SumIf, VLOOKUP and Pivot Tables: 10 Powerful Excel Tools for Business Owners

Excel Tips for Business Owners

19 Oct SumIf, VLOOKUP and Pivot Tables: 10 Powerful Excel Tools for Business Owners

Excel is one of those business tools that you either absolutely love or you tolerate because it’s useful for making lists or tracking information. Truth be told, most people, from business owners to teenagers, fall into the latter category. Sure, you felt like a programming genius when you figured out the AVERAGE formula but you’re only using a fraction of its true potential because there’s simply too much to learn and who has time for that?

Well, we want to help you take your Excel game to the next level. We’ve compiled 10 of our favorite shortcuts, formulas and tools that every business owner should have in their arsenal.

Keyboard Shortcuts

Alt + =

This keyboard shortcut will quickly calculate and provide the sum for the group of selected cells. Added benefit? It’s smart enough to select the cells above, below or to the side of your destination cell, depending on where the numbers are located. This means if you click on a column to the right of your data, it will automatically select a range of cells to the left that contain numbers.

EXAMPLE: We want to quickly calculate the total sales listed in column G, so we click on cell G45 and press Alt + = which generates the formula =SUM(G2:G44) automatically.

Keyboard Shortcut for SUM


Ctrl + Shift + L

This shortcut toggles the Autofilter so you can sort using the auto-generated criteria. This shortcut also toggles the filter off if you want to remove it for formatting reasons.
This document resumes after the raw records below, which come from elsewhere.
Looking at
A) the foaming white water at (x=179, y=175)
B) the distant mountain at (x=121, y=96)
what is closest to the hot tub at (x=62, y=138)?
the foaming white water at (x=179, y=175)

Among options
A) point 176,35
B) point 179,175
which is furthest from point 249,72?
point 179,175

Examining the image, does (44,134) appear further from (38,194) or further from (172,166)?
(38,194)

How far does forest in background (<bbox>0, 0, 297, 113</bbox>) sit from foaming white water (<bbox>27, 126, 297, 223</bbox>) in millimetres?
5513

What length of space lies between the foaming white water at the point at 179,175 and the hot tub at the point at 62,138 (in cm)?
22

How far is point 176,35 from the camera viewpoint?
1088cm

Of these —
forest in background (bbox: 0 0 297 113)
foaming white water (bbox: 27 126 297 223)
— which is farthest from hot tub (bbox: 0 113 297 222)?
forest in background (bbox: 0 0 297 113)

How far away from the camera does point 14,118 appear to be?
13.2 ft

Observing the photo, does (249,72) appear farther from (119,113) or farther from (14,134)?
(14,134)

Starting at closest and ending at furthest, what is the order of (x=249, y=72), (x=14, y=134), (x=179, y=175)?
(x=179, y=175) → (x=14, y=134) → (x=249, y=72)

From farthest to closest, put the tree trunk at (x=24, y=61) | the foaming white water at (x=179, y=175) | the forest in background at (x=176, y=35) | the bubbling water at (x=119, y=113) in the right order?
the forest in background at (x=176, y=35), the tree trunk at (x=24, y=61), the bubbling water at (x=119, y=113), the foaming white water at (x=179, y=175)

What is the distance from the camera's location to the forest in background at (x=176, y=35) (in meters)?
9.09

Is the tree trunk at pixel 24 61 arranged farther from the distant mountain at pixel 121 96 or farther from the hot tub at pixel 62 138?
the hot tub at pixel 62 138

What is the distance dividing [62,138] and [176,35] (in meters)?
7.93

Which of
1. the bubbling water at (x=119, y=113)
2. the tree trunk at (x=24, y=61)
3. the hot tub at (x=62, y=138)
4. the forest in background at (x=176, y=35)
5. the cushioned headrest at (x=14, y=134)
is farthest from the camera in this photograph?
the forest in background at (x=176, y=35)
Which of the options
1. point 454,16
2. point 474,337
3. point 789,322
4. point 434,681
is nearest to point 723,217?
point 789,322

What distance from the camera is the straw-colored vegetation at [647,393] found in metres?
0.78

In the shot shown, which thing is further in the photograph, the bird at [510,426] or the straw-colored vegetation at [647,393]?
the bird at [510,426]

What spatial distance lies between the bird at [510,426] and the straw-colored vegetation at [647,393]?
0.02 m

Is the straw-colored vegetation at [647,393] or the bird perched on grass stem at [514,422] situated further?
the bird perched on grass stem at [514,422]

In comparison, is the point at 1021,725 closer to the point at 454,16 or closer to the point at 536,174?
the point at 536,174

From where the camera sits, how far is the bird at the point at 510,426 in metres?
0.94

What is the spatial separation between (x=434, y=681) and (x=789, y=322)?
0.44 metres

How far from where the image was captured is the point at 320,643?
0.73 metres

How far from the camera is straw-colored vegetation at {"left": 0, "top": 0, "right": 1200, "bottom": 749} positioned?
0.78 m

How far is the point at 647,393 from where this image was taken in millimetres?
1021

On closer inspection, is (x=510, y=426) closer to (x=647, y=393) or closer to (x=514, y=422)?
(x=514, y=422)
EXAMPLE: We want to quickly sort by Order Date, so press Ctrl + Shift + L to toggle the Autofilter feature, which turns the headings at the top of each column into drop-down filter lists.

Excel Keyboard Shortcut to Toggle AutoFilter


Ctrl + Shift + ~ / $ / % / etc

This keyboard shortcut applies automatic number formatting (~ for General, $ for currency, % for percentage, ^ for scientific, # for date, @ for time, and ! for number). This is really helpful if you get a spreadsheet someone else created but didn’t format correctly as you’re able to select a range of cells and apply the formatting with a few keystrokes.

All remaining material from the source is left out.